Standard & Poor’s Global Ratings has downgraded Zambia’s long-term foreign and local currency sovereign credit ratings from B to B -, reflecting the country’s faster debt accumulation and higher fiscal deficits.
And S&P, the globally-renowned integrated financial services company, says the Zambian government’s future policy responses are difficult to predict due to the ongoing political tension between the PF and opposition.
In a statement issued, Friday, S&P announced that Zambia’s long-term foreign and local currency sovereign credit ratings had been downgraded to B – from B, reflecting the country’s faster debt accumulation and higher fiscal deficits than earlier projected.
It, however, maintained its stable outlook for the country’s economy.
“The Zambian government has revised its fiscal data and we now expect higher deficits and faster debt accumulation than we had previously forecast. We are, therefore, lowering our long-term foreign and local currency sovereign credit ratings on Zambia to B- from B and affirming the B short-term ratings. The outlook is stable,” S&P stated.
“The downgrade reflects Zambia’s higher fiscal deficits and faster debt accumulation than we had previously expected. The Zambian government revised its fiscal deficits and debt burden in June 2018 to account for higher capital expenditures than it had previously recorded. The corrections resulted in a materially weaker 2017 general government deficit of 7.6 per cent of GDP, up from our previous estimate of 6.0 per cent. We have also increased our projections for future deficits by a similar magnitude, resulting in our forecast net government debt burden rising above 60 per cent of GDP.”
The agency warned that it could further dampen Zambia’s credit worthiness soon if the country’s fiscal deficit position continues to deteriorate.
“We could lower the ratings over the next year if: the previously destabilising factors re-emerge and further weaken the government’s fiscal position, for example, significant currency depreciation; economic growth slowed because of confidence-related factors; or copper prices were to materially fall,” it warned.
“We do not expect to raise the ratings over the next year. However, should Zambia’s external imbalances reduce materially faster than we expect, in tandem with faster economic growth than we currently forecast (which could lead us to raise our GDP per capita trend growth forecast), we could consider a positive rating action.”
S&P explained that Zambia’s public external debt, which has risen to over US $9.3 billion this year, makes the country vulnerable owing to continued dependence on copper.

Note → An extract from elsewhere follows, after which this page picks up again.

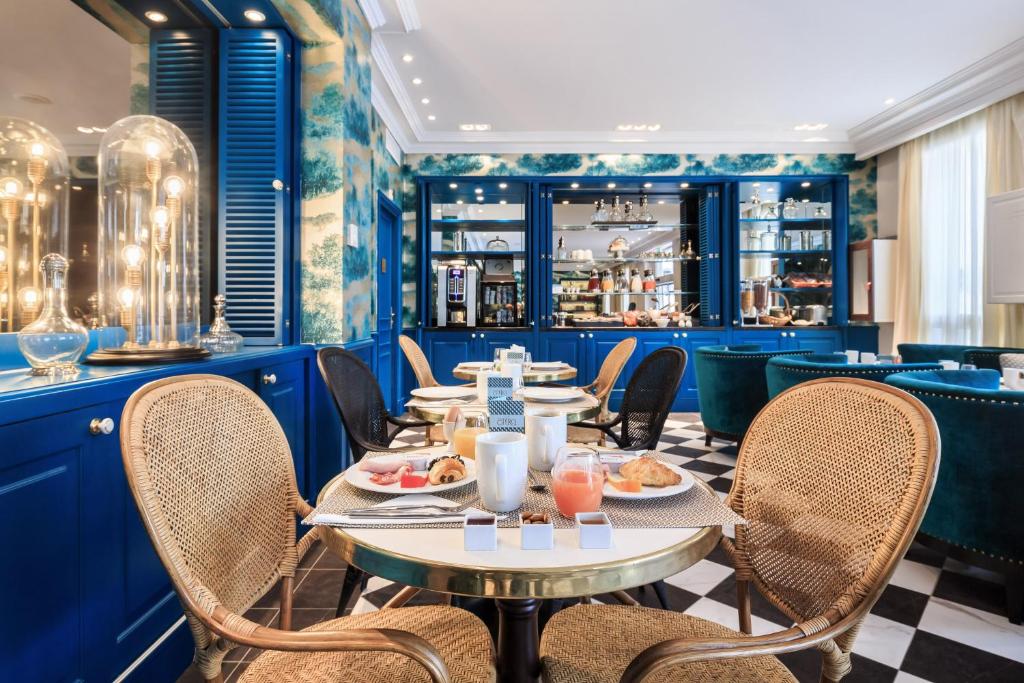 Villa Otero by Happyculture - Resim 12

“A number of structural factors constrain the ratings on Zambia. These include its low wealth levels, high fiscal deficits, and debt burden. Despite relatively modest levels of external debt, we view external risks as high, due to the country’s dependence on copper exports to generate current account receipts. Our external analysis is also hampered by the lack of comprehensive external data,” S&P narrated.
It also revealed that government is not likely to achieve its fiscal consolidation target for this year.

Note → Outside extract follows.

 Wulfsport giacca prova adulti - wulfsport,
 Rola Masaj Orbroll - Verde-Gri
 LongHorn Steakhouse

According to the 2018 national budget, government projected to limit the overall fiscal deficit to 6.1 per cent of GDP on a cash basis.
“Mid-year 2018 expenditures already surpass the government’s half-year target. In our view, the results of fiscal consolidation measures will likely be realised only in the next few years. As a result, we estimate the fiscal deficit in 2018 will remain around 7.6 per cent of GDP and only decline to 5.5 per cent by 2021,” it stated.

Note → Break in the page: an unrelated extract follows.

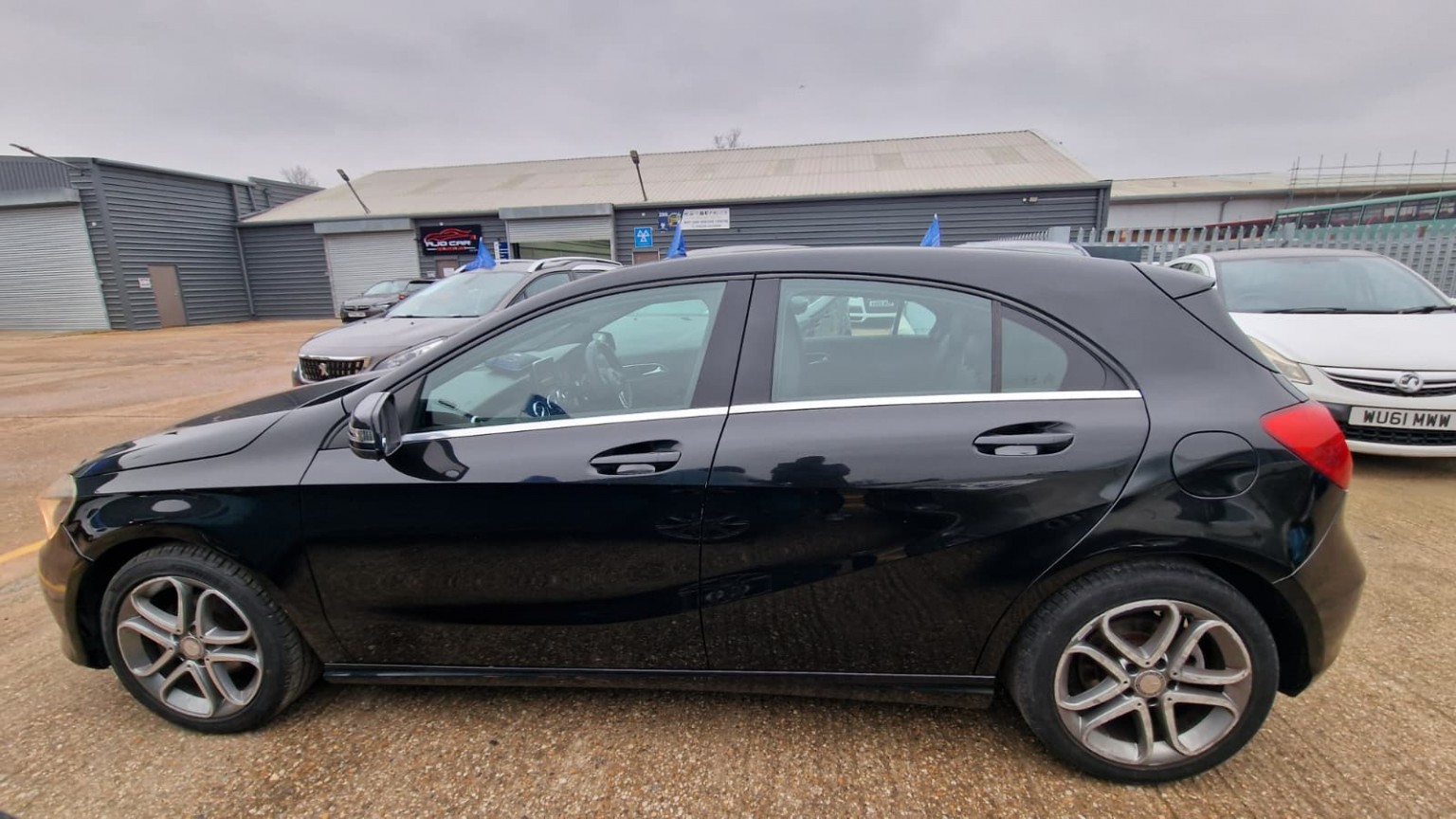 Mercedes-Benz A Class - Image 6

“The Zambian government revised its 2017 fiscal deficits and debt burden on June 14, 2018, to take into account capital expenditures that took place in 2017 but were not properly recorded in its public finance management system. These revisions resulted in a fiscal deficit for 2017 of 7.6 per cent of GDP, compared with our previous estimate of 6.0 per cent. We now forecast higher fiscal deficits through 2021. We see the country’s shortfall of basic services to the population and infrastructure likely creating lasting spending pressures.”
And S&P disclosed that the Zambian government’s future policy responses are difficult to predict due to the ongoing political tension between the PF and opposition.
“Zambia has a relatively stable political environment for the region, but, in our view, future policy responses are difficult to predict because of the highly-polarised political landscape, with tensions both within the governing Patriotic Front and with opposition parties,” stated S&P.